# [TASK INSTRUCTIONS]
Find every line below that contains the word "Used" and copy it out.

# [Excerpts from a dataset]

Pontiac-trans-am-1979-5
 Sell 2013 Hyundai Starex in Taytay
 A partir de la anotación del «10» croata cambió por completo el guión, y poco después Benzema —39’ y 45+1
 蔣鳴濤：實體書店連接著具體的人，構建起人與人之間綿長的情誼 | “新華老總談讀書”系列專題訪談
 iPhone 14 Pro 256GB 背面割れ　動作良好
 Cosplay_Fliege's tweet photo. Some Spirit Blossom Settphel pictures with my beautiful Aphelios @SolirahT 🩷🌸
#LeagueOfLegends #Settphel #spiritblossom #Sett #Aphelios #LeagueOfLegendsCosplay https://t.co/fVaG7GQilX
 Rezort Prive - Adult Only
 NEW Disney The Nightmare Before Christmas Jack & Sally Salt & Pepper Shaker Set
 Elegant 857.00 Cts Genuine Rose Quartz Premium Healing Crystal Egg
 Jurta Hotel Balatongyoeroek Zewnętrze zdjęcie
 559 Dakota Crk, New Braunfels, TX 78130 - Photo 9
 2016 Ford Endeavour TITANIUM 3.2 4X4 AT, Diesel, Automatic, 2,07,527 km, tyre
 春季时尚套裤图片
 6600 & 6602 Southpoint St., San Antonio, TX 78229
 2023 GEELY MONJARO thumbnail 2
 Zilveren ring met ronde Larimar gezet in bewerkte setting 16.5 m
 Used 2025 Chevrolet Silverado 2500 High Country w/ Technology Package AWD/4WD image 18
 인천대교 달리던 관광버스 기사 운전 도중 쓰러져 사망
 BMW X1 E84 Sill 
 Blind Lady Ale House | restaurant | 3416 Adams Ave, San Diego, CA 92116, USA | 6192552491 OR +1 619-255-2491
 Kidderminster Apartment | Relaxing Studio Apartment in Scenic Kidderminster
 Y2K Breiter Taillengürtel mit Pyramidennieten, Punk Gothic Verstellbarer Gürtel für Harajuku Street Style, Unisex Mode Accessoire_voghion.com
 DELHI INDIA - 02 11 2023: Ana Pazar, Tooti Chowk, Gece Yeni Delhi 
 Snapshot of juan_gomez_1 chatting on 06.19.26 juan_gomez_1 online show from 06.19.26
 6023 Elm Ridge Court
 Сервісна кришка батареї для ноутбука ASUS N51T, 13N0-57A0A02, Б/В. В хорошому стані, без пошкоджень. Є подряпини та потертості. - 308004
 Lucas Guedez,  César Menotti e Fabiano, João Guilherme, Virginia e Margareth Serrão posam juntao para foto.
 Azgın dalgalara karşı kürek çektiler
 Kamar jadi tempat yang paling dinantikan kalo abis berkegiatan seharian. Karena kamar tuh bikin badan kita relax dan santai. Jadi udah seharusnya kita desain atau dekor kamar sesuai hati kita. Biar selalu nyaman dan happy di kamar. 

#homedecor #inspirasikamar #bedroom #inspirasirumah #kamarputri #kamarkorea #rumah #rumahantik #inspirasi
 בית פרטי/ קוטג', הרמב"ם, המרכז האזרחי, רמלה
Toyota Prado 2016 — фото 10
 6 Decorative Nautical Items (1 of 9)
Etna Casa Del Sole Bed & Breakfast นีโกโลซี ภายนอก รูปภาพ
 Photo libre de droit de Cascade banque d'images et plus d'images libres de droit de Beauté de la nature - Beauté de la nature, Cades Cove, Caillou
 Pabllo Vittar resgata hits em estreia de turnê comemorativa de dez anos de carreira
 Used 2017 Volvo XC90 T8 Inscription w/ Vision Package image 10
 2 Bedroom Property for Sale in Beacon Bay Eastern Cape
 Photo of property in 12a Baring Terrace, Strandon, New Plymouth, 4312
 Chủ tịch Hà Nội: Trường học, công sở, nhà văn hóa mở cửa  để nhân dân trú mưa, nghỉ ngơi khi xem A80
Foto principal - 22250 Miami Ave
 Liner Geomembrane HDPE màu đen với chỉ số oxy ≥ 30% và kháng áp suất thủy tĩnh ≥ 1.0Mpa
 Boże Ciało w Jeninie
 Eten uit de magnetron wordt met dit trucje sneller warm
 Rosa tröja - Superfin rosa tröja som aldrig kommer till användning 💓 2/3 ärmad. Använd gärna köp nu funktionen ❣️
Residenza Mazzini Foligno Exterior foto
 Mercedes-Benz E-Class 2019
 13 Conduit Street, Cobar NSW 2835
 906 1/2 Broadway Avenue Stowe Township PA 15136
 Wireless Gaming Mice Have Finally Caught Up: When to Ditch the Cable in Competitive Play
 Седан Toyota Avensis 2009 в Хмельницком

# [ANSWER BOX]
 Used 2025 Chevrolet Silverado 2500 High Country w/ Technology Package AWD/4WD image 18
 Used 2017 Volvo XC90 T8 Inscription w/ Vision Package image 10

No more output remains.